= Guy Cloutier =

Canadian music producer and talent manager

Guy Cloutier (born 11 February 1940 in Chicoutimi, Quebec, Canada) is a Canadian music producer and talent manager.

Cloutier adapted reality TV to the Quebec market. Entertainers Stéphanie Cloutier and Véronique Cloutier are his daughters. His daughter, Stephanie, is married to former NHL goalie Jose Theodore.

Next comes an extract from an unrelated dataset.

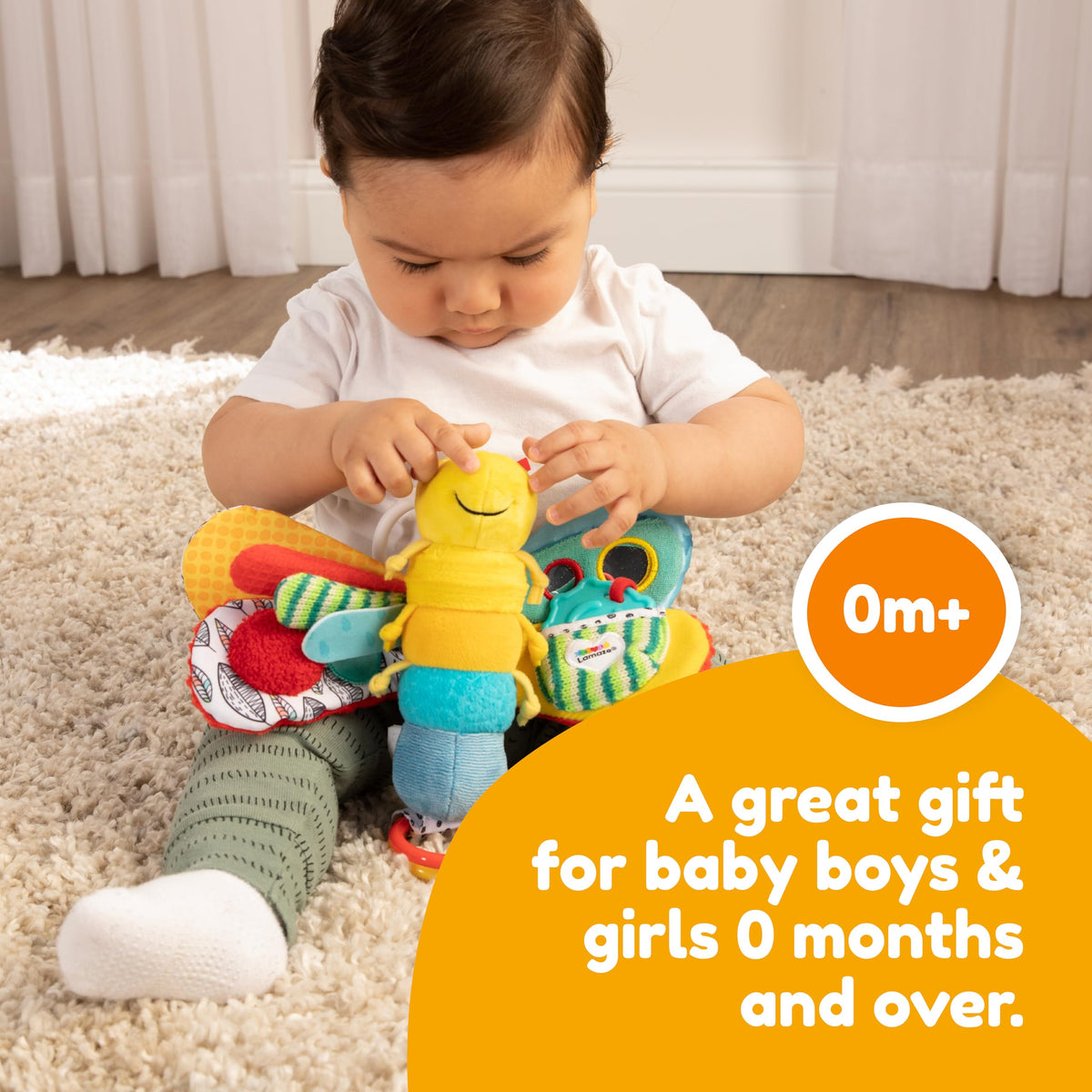 Lamaze Clip On Car Seat and Stroller Toy - Freddie the Firefly - Includes Lady Bug Teether - High Contrast Sensory Crinkle Toys for Babies - Infant Travel Toys - Ages 0 Months and Up
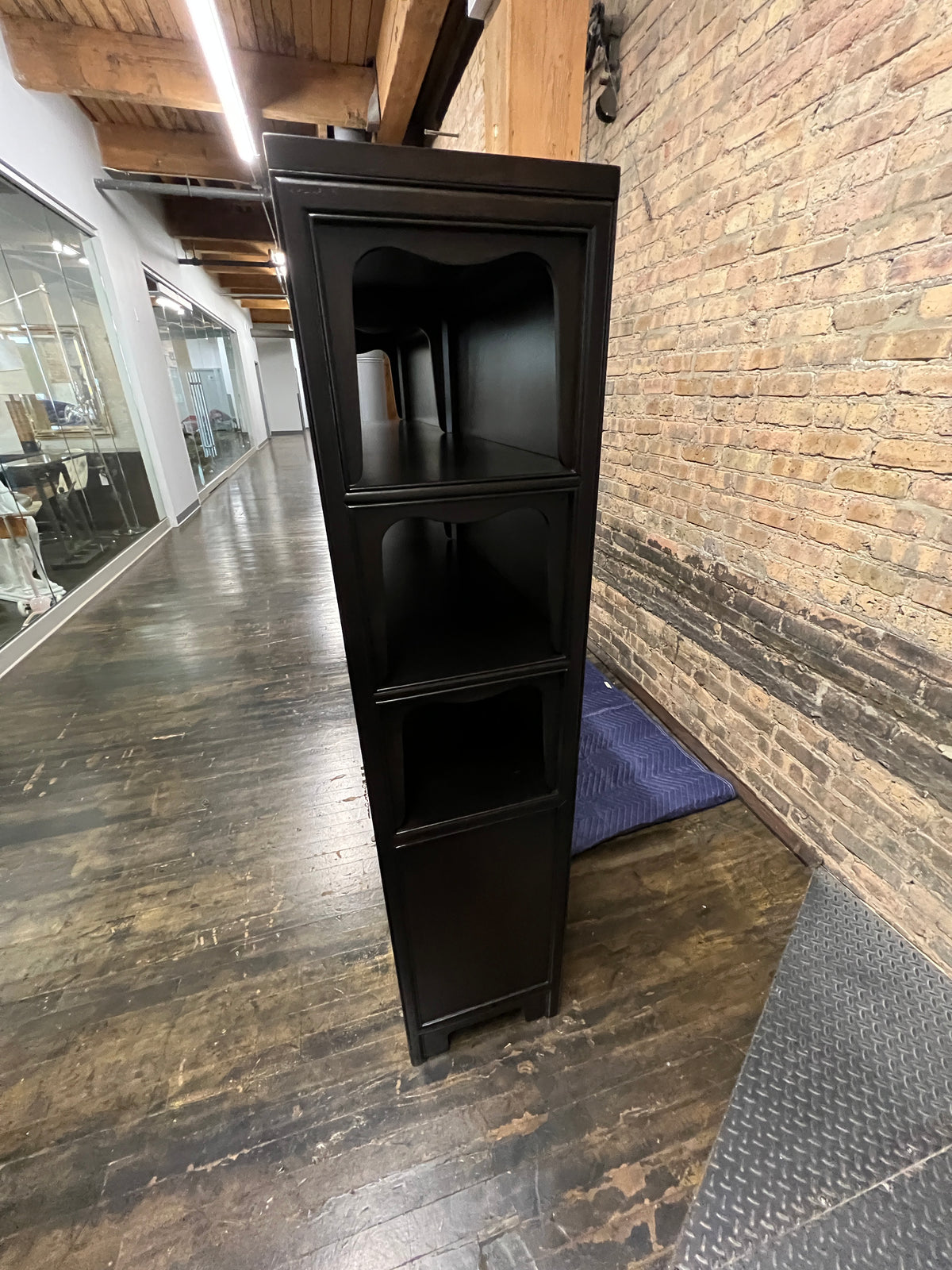 Display Cabinet from  Michael Taylor's Far East Collection for Baker.  Espresso stained, Newly refinished.  Chicago, IL Studio Sonja Milan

On 20 December 2004, he was sentenced to 3 1/2 years (42 months) in prison for sexually abusing singer Nathalie Simard.

==Career==
He started in managing and music production by forming Productions Guy Cloutier in 1969 and became famous for launching the career of child singing sensation René Simard.
He produced Loft Story, a made-in-Quebec reality TV show, and Taillefer & filles, a cooking show where mother and daughter Claudette and Marie-Josée Taillefer cook their favourite meals in front of a studio audience.

==Abuse==
Cloutier pleaded guilty to five charges, including sexual assault, indecent exposure and sex with a minor. He served 19 months of a 42-month sentence. It was later revealed that one of the victims was Nathalie Simard, who was under contract with Cloutier. He also entered a guilty plea to a charge of indecent exposure involving another minor whose name and gender were not made public. He received a 16-month sentence in that case.

==Guy Cloutier Communications==
His company, Productions Guy Cloutier, became Novem Communications in October 2004 when control passed to his daughter Véronique. In October 2009, Véronique sold her shares to Francois Ferland.